Hidden amid the swamps below us lay the ruins of Pemakochung’s former monastery. We made the steep descent through rain and fog, clinging to branches and swinging our way down through a wet, bramble-filled forest. It as at this point that Lord Cawder  had written of porters falling through “a net work of roots, another time into a big hole. . . .The jungle was very thick—huge trees, masses of rhododendrons, with an undergrowth of tall ferns. Even at this time of year a great deal of verdure comes above one’s head, and everything is crawling with ticks and leeches—What it can be like in the rains, I can’t imagine—God! How I loathe all jungles.”

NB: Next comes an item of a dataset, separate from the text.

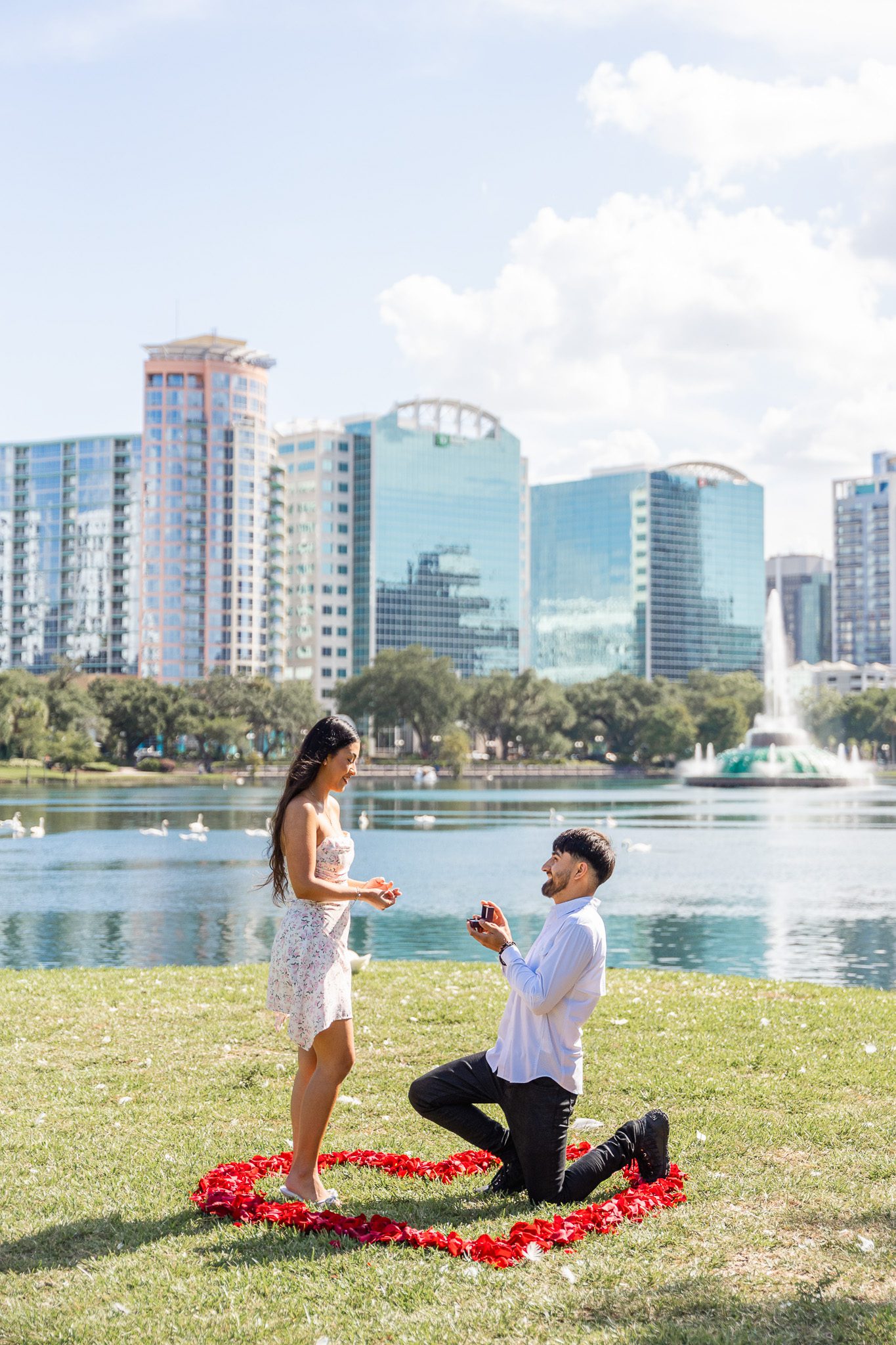 Orlando proposal photographer captures a surprise proposal at Lake Eola with red rose petals and the iconic fountain in downtown Orlando.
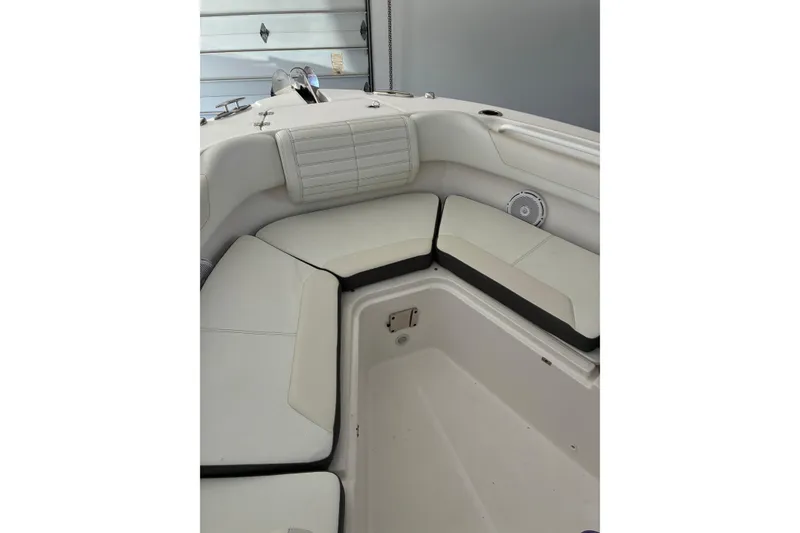 Slide: The Image of Interior seating of 2020 Edgewater 262CC boat, featuring cushioned seats and storage compartment. - 10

As we descended toward the abandoned gompa [hermitage] a vast amphitheater opened around us. The pyramidal peaks of Namcha Barwa soared above us, and a granite wall—snow clinging to its upper slopes and red-flowered rhododendrons advancing up the slabs—framed the valley from the west. Great torrents poured off Namcha Barwa’s glaciers into the marshes and forests. We proceeded through leech-infested swaps to a small hillock where the crumbled walls of the old monastery were slowly sinking into the earth. A pomegranate tree laden with overripe fruit spread above us while a headless statue of Tara, a female deity, sat perched on a moss-covered wall, Bronze butter lamps and a pair of broken cymbals lay amid the ruins. As the porters strung prayer flags between two fir trees, Ken, Eric, Jill, and I set up our tents, using cut bamboo to lift them off the sodden ground. When Lieutenant-Colonel Eric Bailey traveled into the gorge in 1913 he had referred to Pemakochung as an “abomination of desolation” and “one of the world’s dead ends.” Taking in the rain and mud and leeches, I reflected that little had changed.